When the air is dirty, or the water is contaminated, and people are getting sick, those kinds of health costs are multiplied by millions of families, Jackson said. And that becomes a burden to small businesses trying to provide health care to their workers.
Under the current EPA plan, regulations and permits for greenhouse gas emissions from new construction or modification of existing facilities will not go into effect until 2011. For the first six months of next year, only sites that already must apply for Clean Air Act permits, as a result of their non-greenhouse gas emissions, will need to address greenhouse gas emissions as well in permit applications.
EPA has said it does not intend to require smaller facilities, or those emitting less than 25,000 tons of greenhouse gases annually, to obtain permits.
A healthy, clean environment means a competitive U.S., Jackson maintained. A clean environment has helped the U.S. become an economic success and a leader in the world's economy and it will continue to do so in the future, she said.
In the last 30 years, emissions of six dangerous air pollutants that cause smog, acid rain and lead poisoning decreased 54 percent, and, at the same time, gross domestic product grew by 126 percent, she said. That means through innovations, we made huge reductions in air pollution at the same time that more cars went on the road, more power plants went on line and more buildings went up.
Innovation is the sweet spot where our economic and environmental interests meet.

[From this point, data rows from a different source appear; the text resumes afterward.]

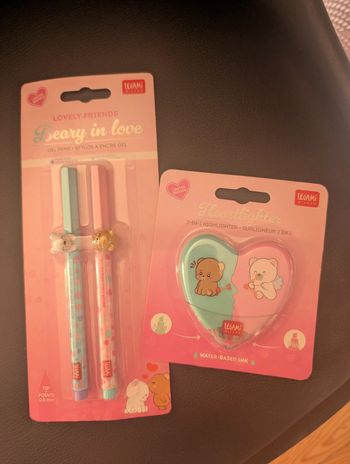 Lot saint Valentin legami 2025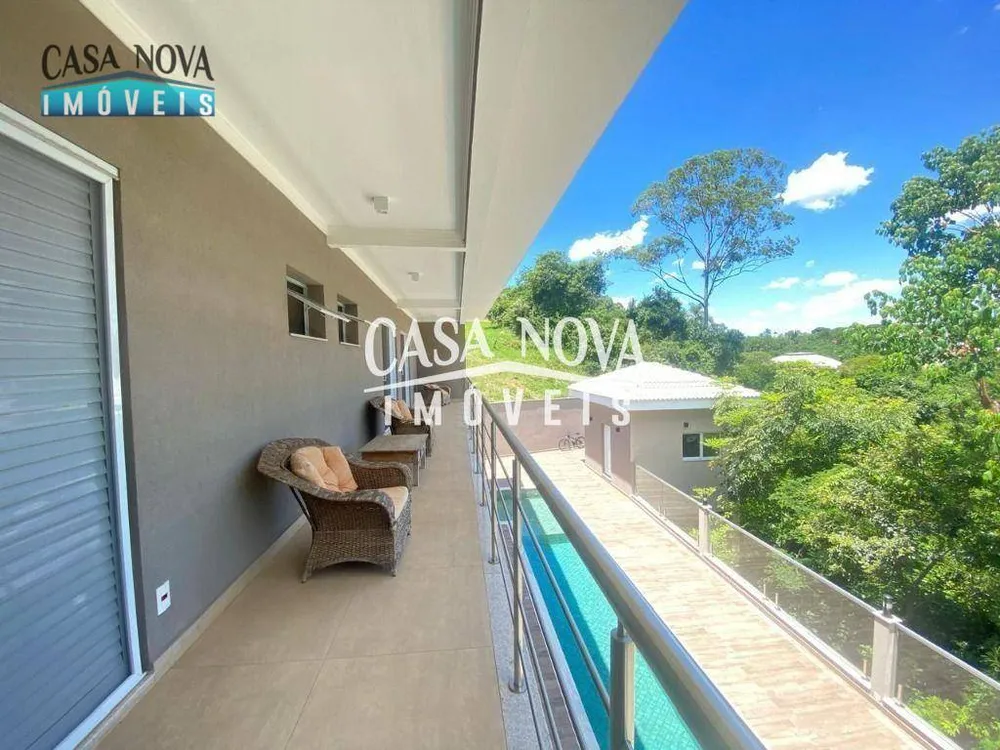 Casa de Condomínio, 4 quartos - Foto 12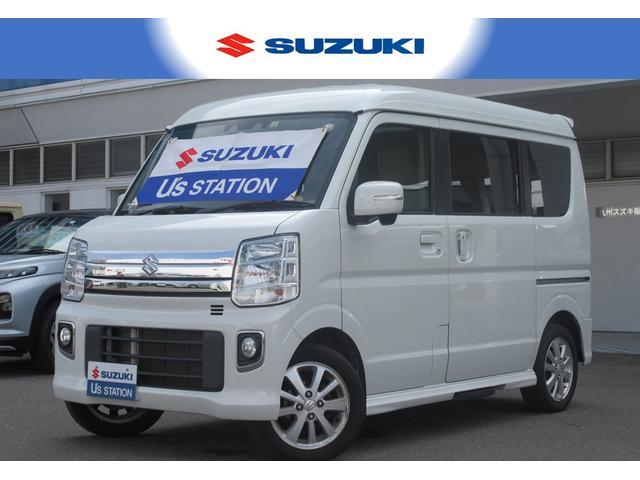 スズキエブリイワゴン 中古車画像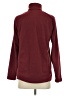 Lands' End 100% Polyester Burgundy Turtleneck Sweater Size XS - photo 2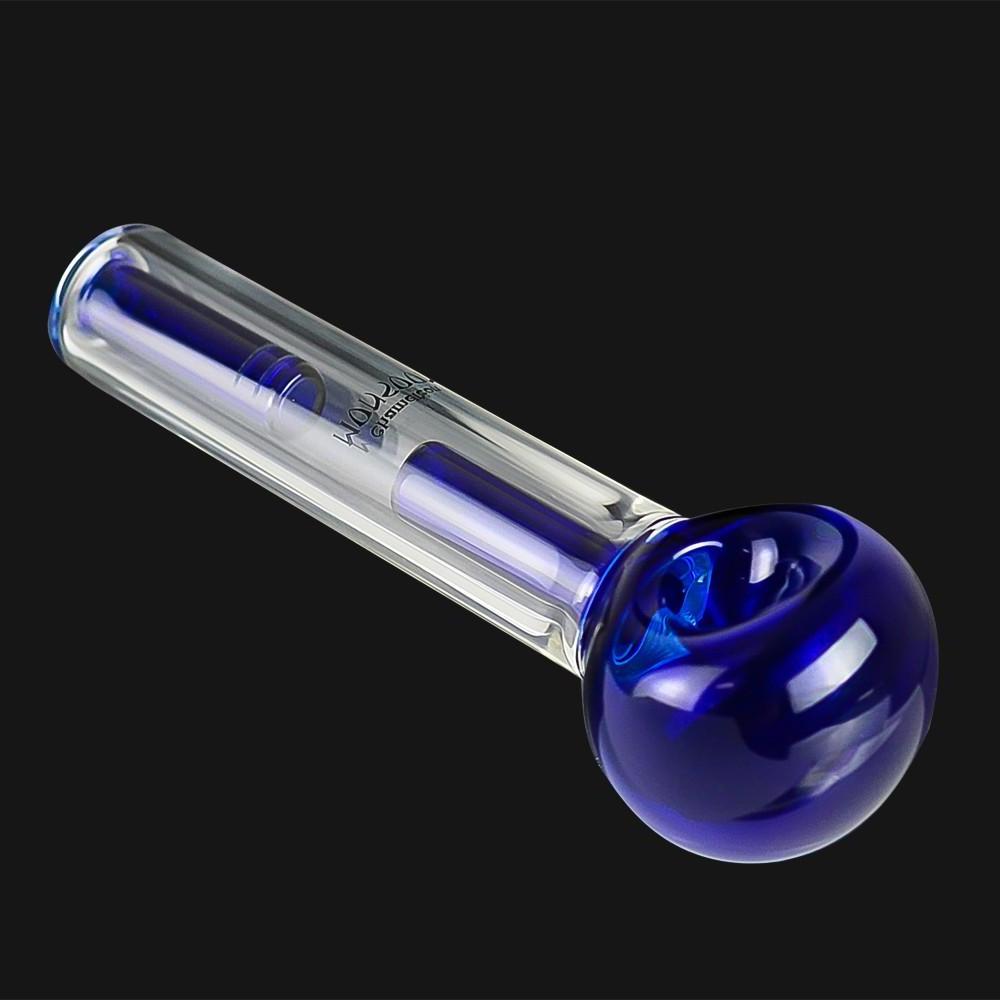 Chameleon Glass Spill Proof Monsoon Spubbler Water Pipe With SlymeFor Sale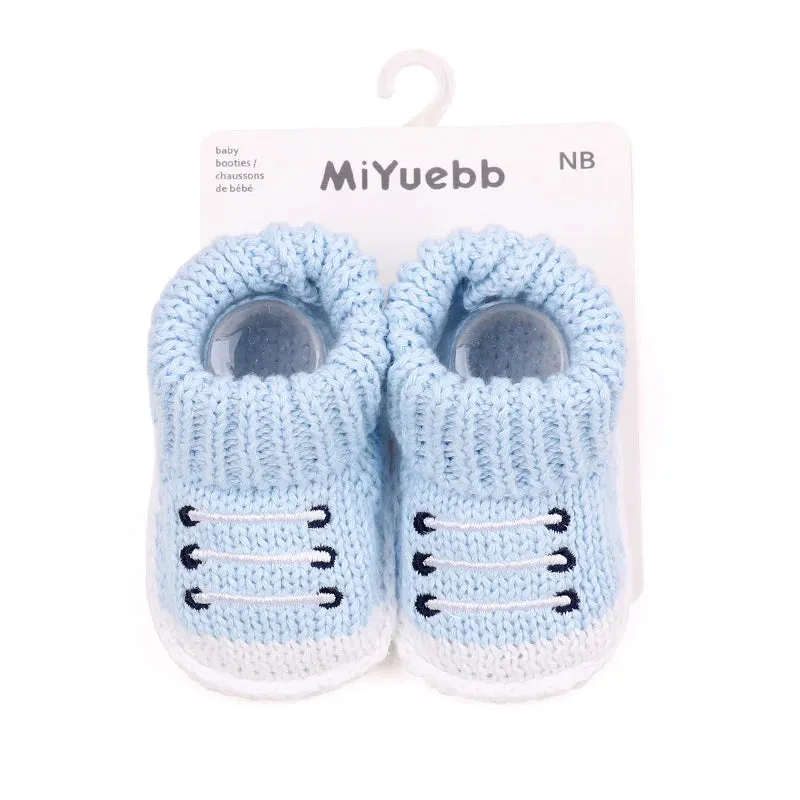 Slipper Booties for Babies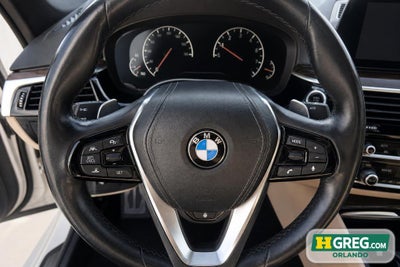 2019 BMW 5 Series 540i xDrive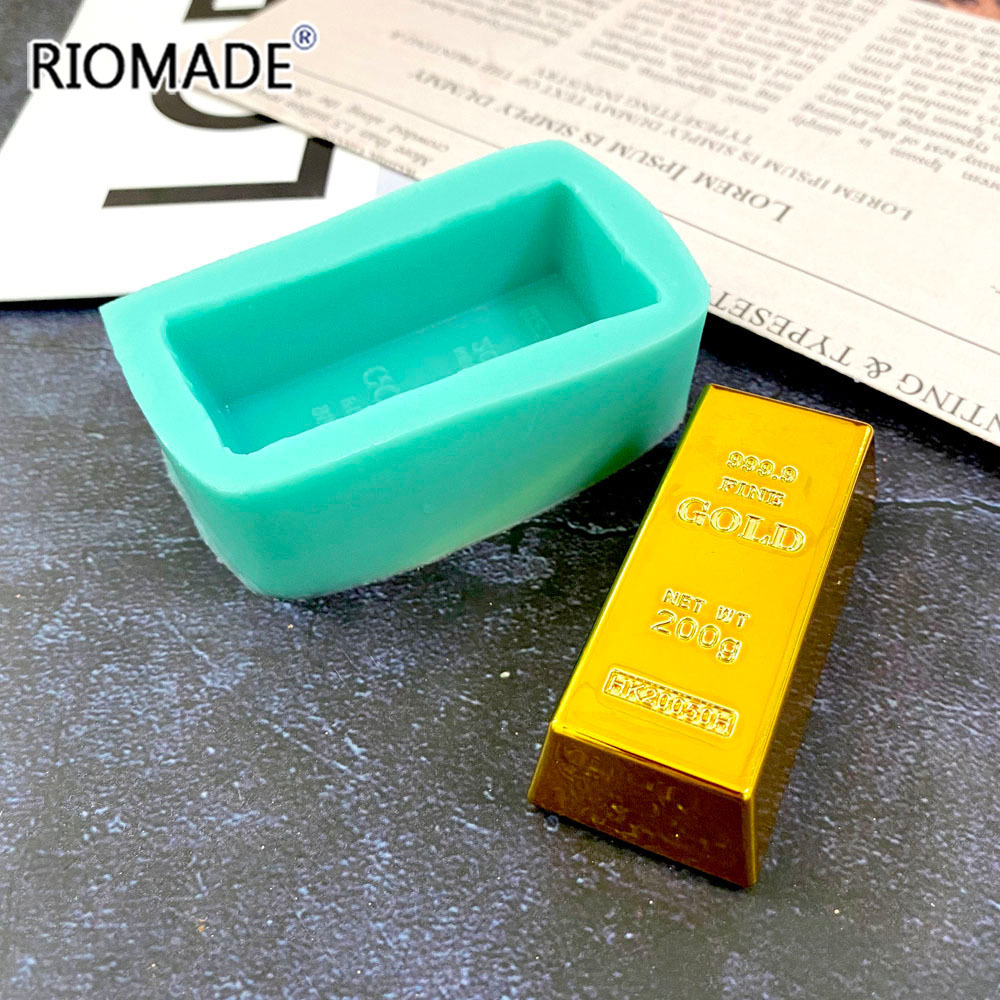 Molde de Silicone em Forma de  - Candle Molds avaliação e preço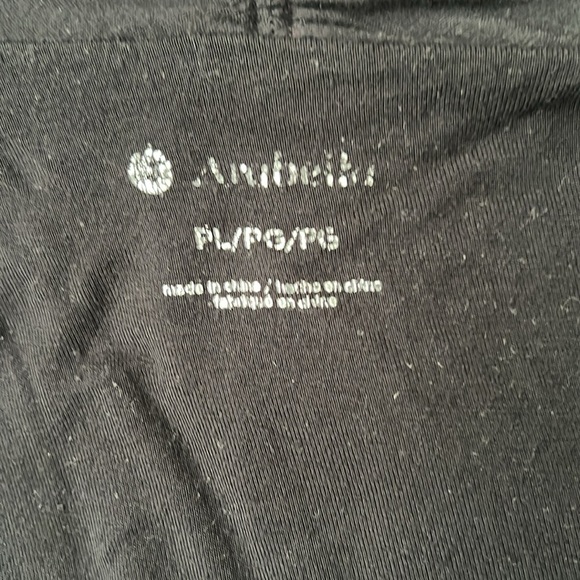 ARABELLA ROBE/ KIMONO IN BLACK W/ SASH & POCKETS- PETITE LARGE - Picture 6 of 7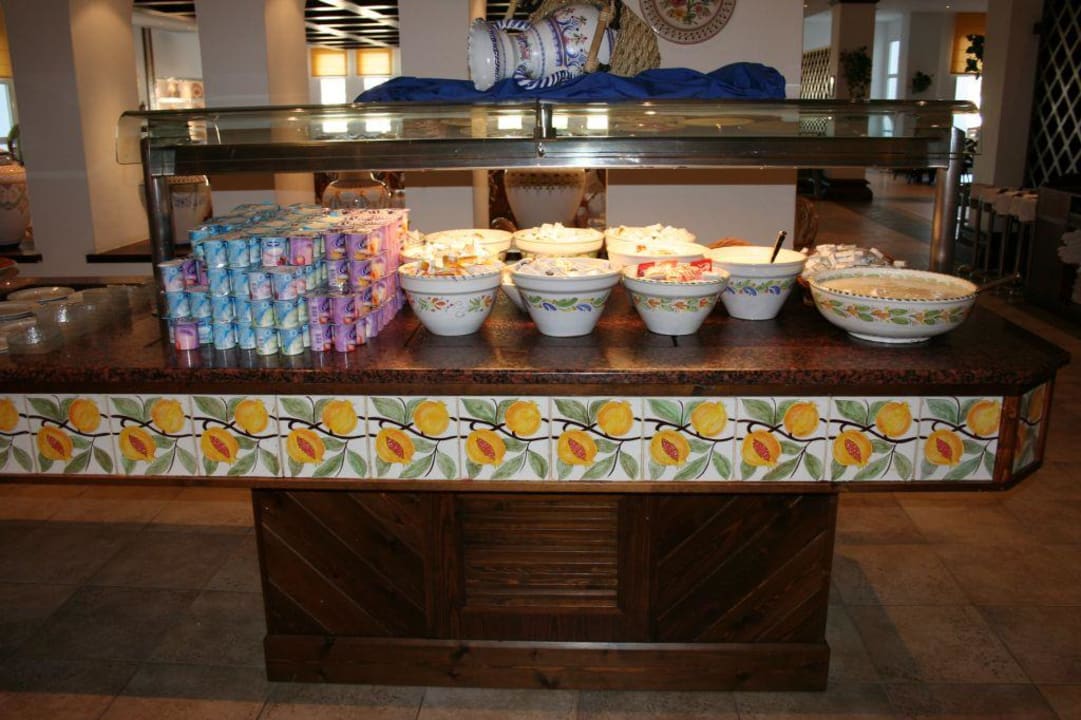 Colazione al Princess Fuerteventura Princess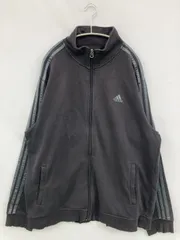 adidas アディダス ジャージ/トラックジャケット 4XO ブラック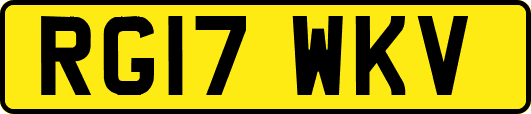 RG17WKV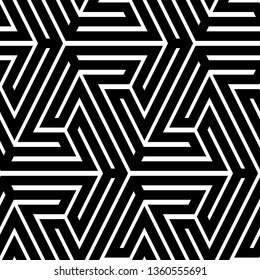 Ethnic ornament. Geometric background. Tribal wallpaper. Figures image. Folk backdrop. Mosaics motif. Digital paper, web design, textile print. Seamless pattern. Vector art work.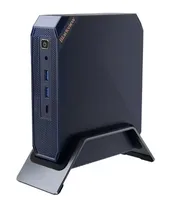 Blackview MP200 Mini Pc WIFI 6 4K TIGER LAKE -H I5-11400H 16GB 512GB 6 Core 11th Gen Intel Win11 pro Computer Mini PC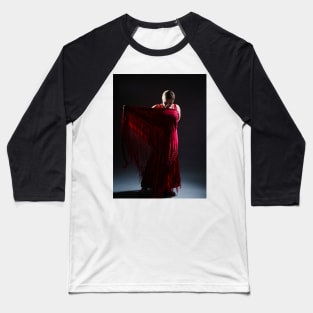 Flamenco Baseball T-Shirt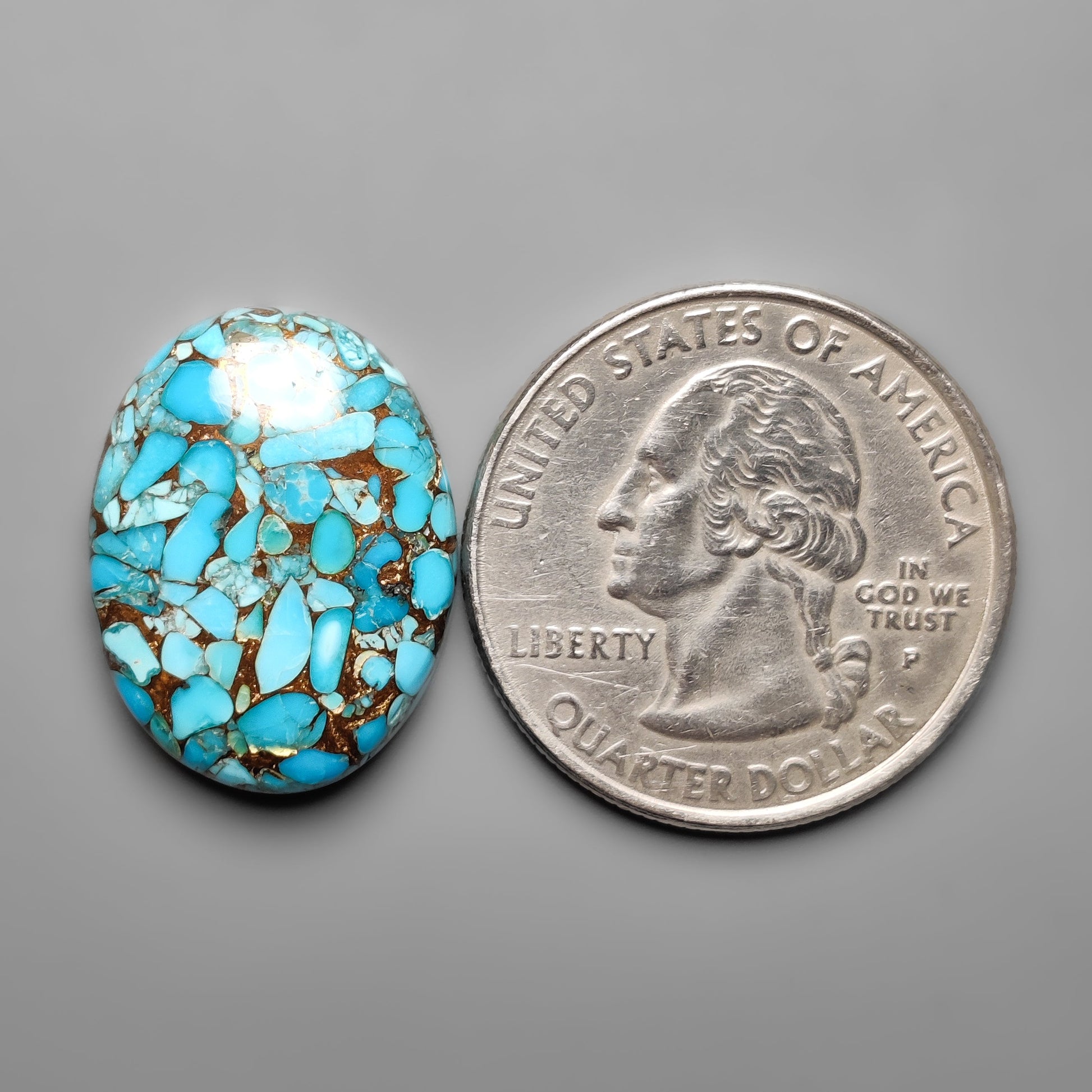 Mohave Turquoise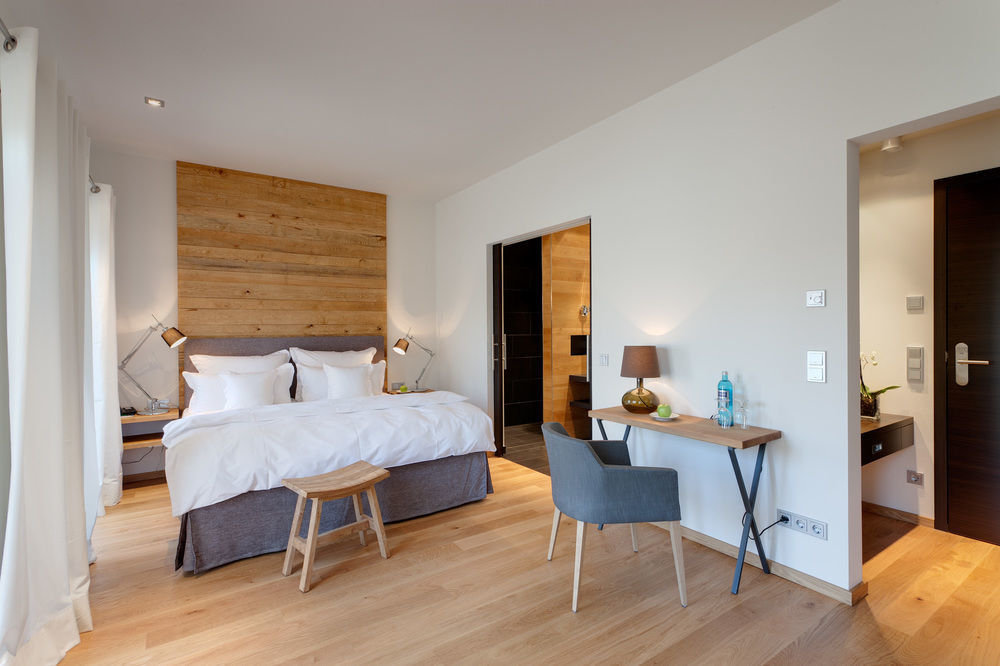 Hotel Strandhaus - Boutique Resort & Spa Люббен Экстерьер фото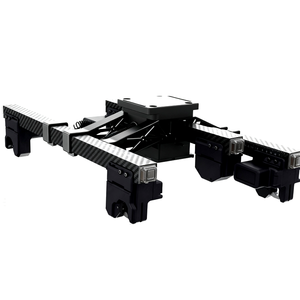 Lanzador de Bombas Extintoras de Incendios YT-6-1 con Carga Máxima de 50 kg, Fuente de Alimentación de 24V-80V, Control Remoto y Motor, Molde Privado - Product Image 1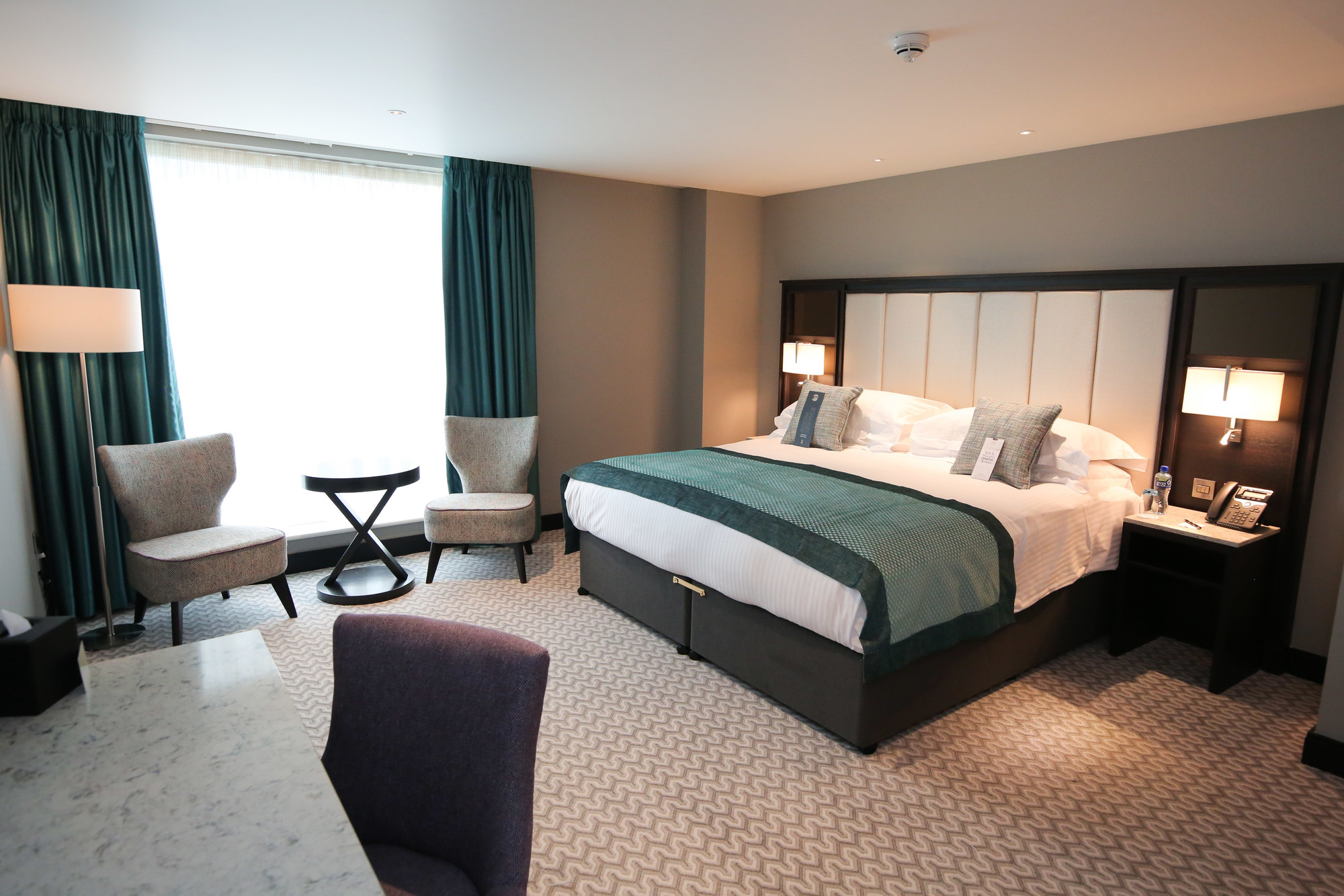 Grand Central Hotel Where to Stay Belfast & Northern Ireland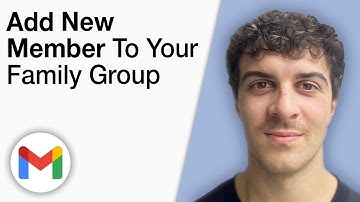 How To Add a New Member to Your Family Group on Gmail [2025 Full Guide]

Business leaders and conservationists must create solutions together, since we all want the same things a strong economy and robust job growth, she said.
No one favors higher costs for starting businesses or manufacturing products, she said.
But the answer to the environmental and economic problems we face lies in cooperation: One of the clear answers is abandoning the old disputes and working in partnership on new innovations, she said.
She criticized the efforts of the business community to forestall EPA's current regulatory initiatives. She said industry and its lobbyists are against any changes in regulations just as they were 30 years ago when EPA ordered a phaseout of ozone-depleting chlorofluorocarbons in aerosols and refrigeration products, and mandated a switch to catalytic converters to reduce lead emissions from cars.
Most drastically, we are seeing efforts to further delay EPA action to reduce greenhouse gases, said Jackson. Once again alarmists are claiming this will be the death knell of our economy. Once again they are telling us we have to choose: Economy? Or environment?
And this is happening despite the overwhelming science on the dangers of climate change, despite the Supreme Court's 2007 decision that EPA must use the Clean Air Act to reduce the proven threat of greenhouse gases, and despite the fact that leaving this problem for our children to solve is an act of breathtaking negligence, she said.
Jackson discussed possible results of delaying greenhouse gas regulation.
The clean cars program could be put on indefinite hold, leaving American automakers once again facing a patchwork of state standards, she said.
With greenhouse gas initiatives comes incentive to invest in clean energy jobs, she said. Without such incentives to innovate, the U.S. will lag behind its global competitors in clean energy solutions, she said. Climate change is an issue as well, she said.
The economic costs of unchecked climate change will be orders of magnitude higher for the next generation than it would be for us to take action today, she warned.
Instead, she said, we need to capitalize on the growing green marketplace here and around the world. We can't retreat from a rapidly industrialized planet and a global economy. Without protection for the water, air and land that people depend on, we can only go so far.
It is not something we can leave for tomorrow.